In 2006, von Otter sang the Evangelist in the premiere of Sven-David Sandström's Ordet – en passion. Other work in contemporary music has included singing the role of The Woman in Senza Sangue of Péter Eötvös. In other media, she appeared in the film A Late Quartet.

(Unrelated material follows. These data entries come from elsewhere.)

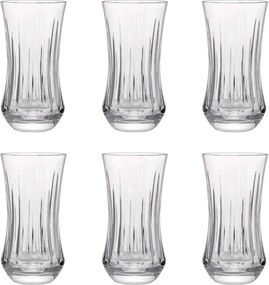 Jogo 6 Copos de Cristal Lapidado 66 Long Drink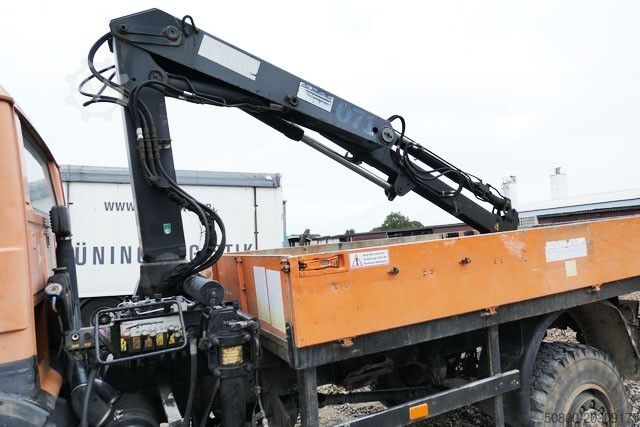 Furgão pick-up MAN 9.150 4x4, Allrad, Hiab 071 AW, Einzelbereifung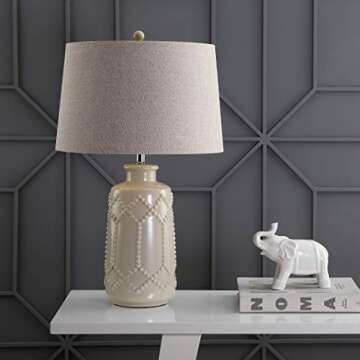 JONATHAN Y Alice Ceramic LED Table Lamp 26"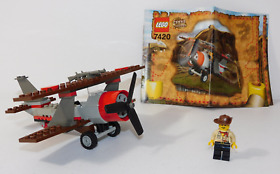 100% - LEGO #7420 Adventurers Orient Expedition Set THUNDER BLAZER Minifig Plane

In 2007, she released an album of music written by composers imprisoned in the Nazi ghetto of Theresienstadt concentration camp (also known as Terezin) prior to their transportation to the death camp of Auschwitz. She collaborated on this project with Christian Gerhaher (baritone) and chamber musicians. She has stated that the material has special personal meaning for her as her father had attempted unsuccessfully during the war to spread information that he had received from SS officer Kurt Gerstein about the Nazi death camps.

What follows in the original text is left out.